Prompt → Beneath this line are entries. Copy the range from the line with "Val Gardena ski" to the line with "for Toddlers Children", ends included, exactly; leave pictures out.

Provided records →

^^^^^^^^

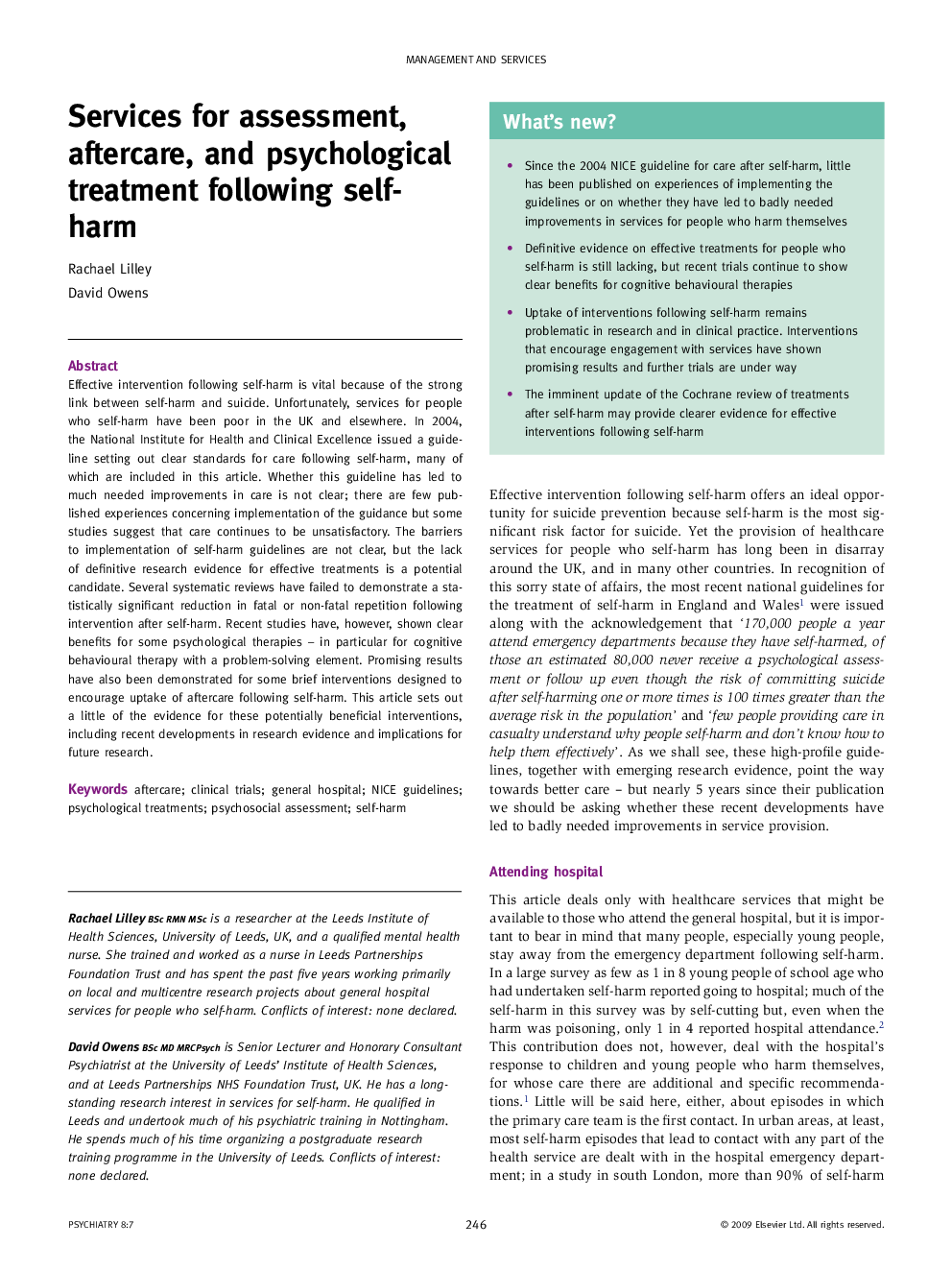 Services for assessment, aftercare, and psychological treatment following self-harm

^^^^^^^^

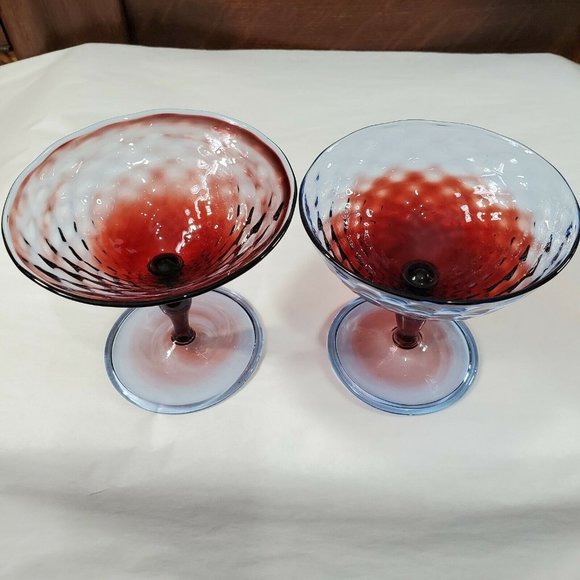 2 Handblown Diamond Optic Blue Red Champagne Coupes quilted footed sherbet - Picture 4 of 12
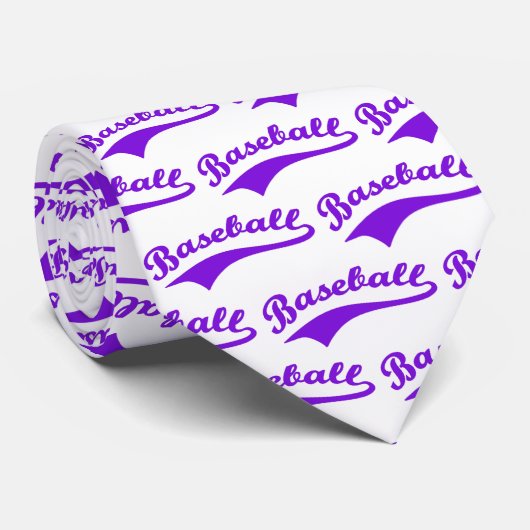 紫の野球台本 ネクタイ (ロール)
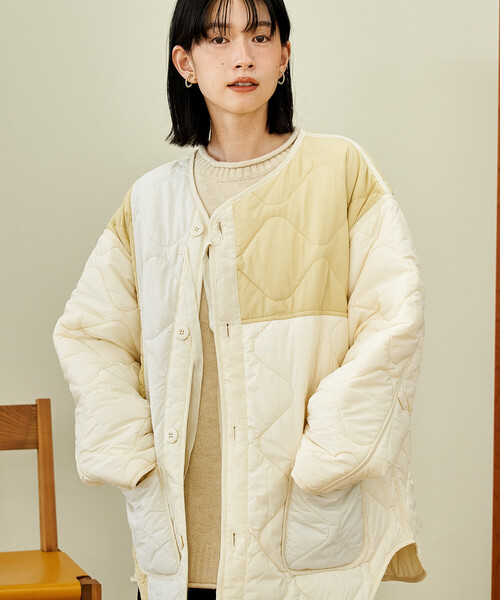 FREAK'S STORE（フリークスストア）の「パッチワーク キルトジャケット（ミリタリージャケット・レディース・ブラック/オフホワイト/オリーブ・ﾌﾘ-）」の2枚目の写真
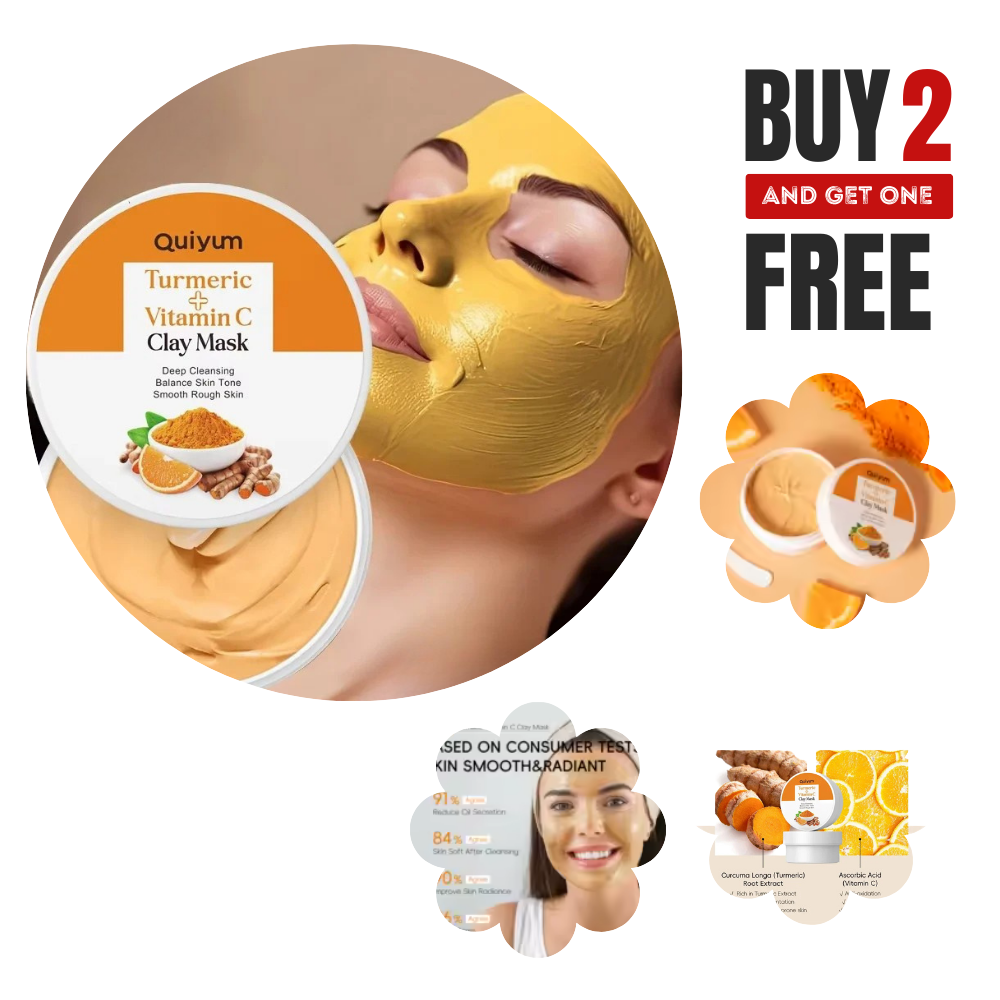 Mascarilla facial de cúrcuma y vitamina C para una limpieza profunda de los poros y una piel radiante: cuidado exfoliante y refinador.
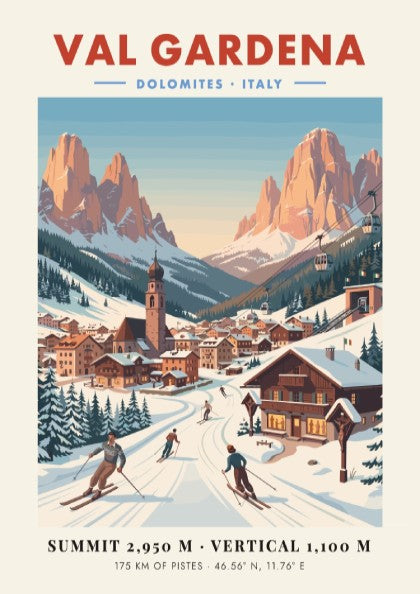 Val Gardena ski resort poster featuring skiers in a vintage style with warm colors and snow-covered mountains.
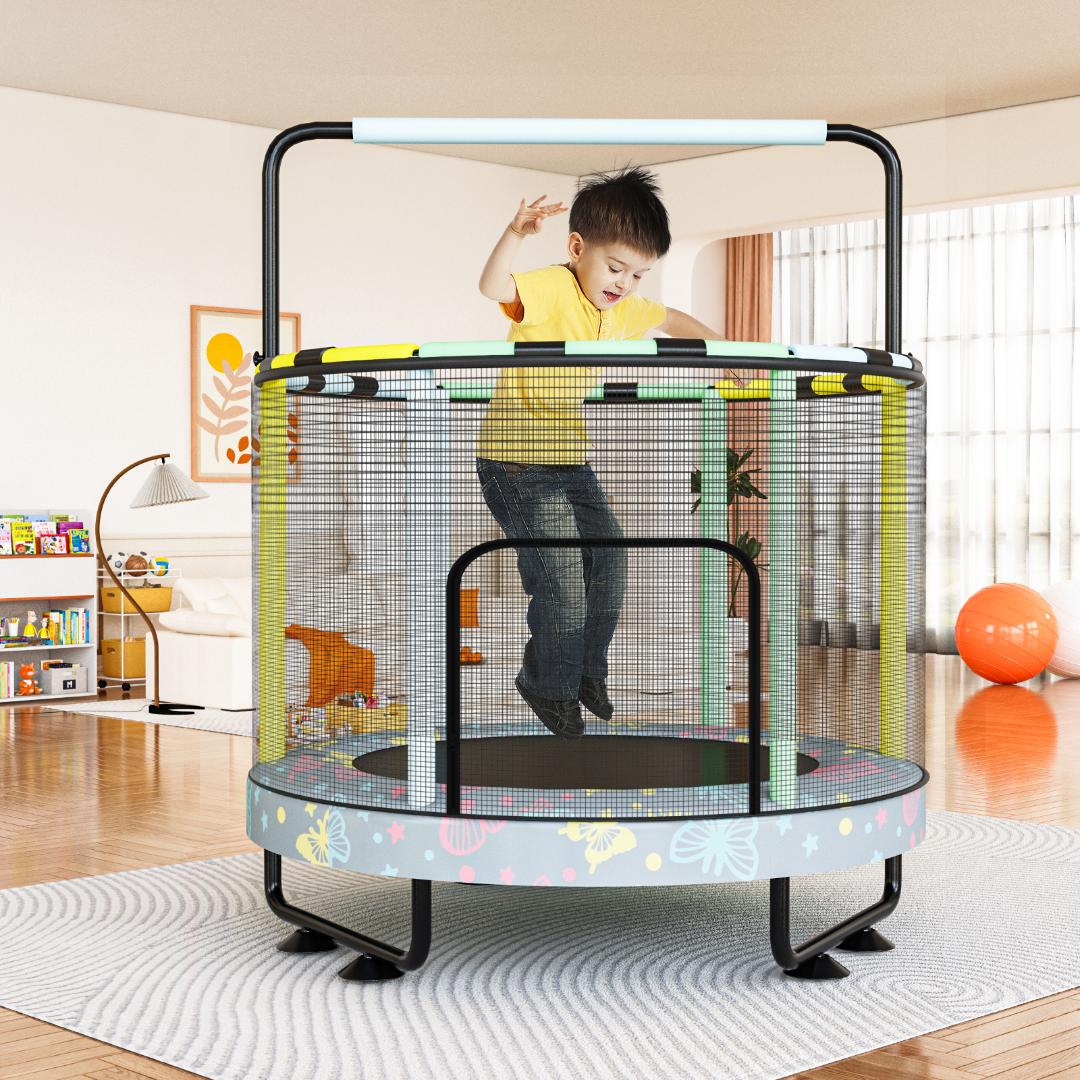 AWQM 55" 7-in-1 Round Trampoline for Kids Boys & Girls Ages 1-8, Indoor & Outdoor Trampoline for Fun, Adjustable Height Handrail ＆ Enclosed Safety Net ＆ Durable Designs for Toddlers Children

^^^^^^^^

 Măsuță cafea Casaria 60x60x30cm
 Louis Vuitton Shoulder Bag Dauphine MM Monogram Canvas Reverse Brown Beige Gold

^^^^^^^^

Worked solution →
 Val Gardena ski resort poster featuring skiers in a vintage style with warm colors and snow-covered mountains.
 AWQM 55" 7-in-1 Round Trampoline for Kids Boys & Girls Ages 1-8, Indoor & Outdoor Trampoline for Fun, Adjustable Height Handrail ＆ Enclosed Safety Net ＆ Durable Designs for Toddlers Children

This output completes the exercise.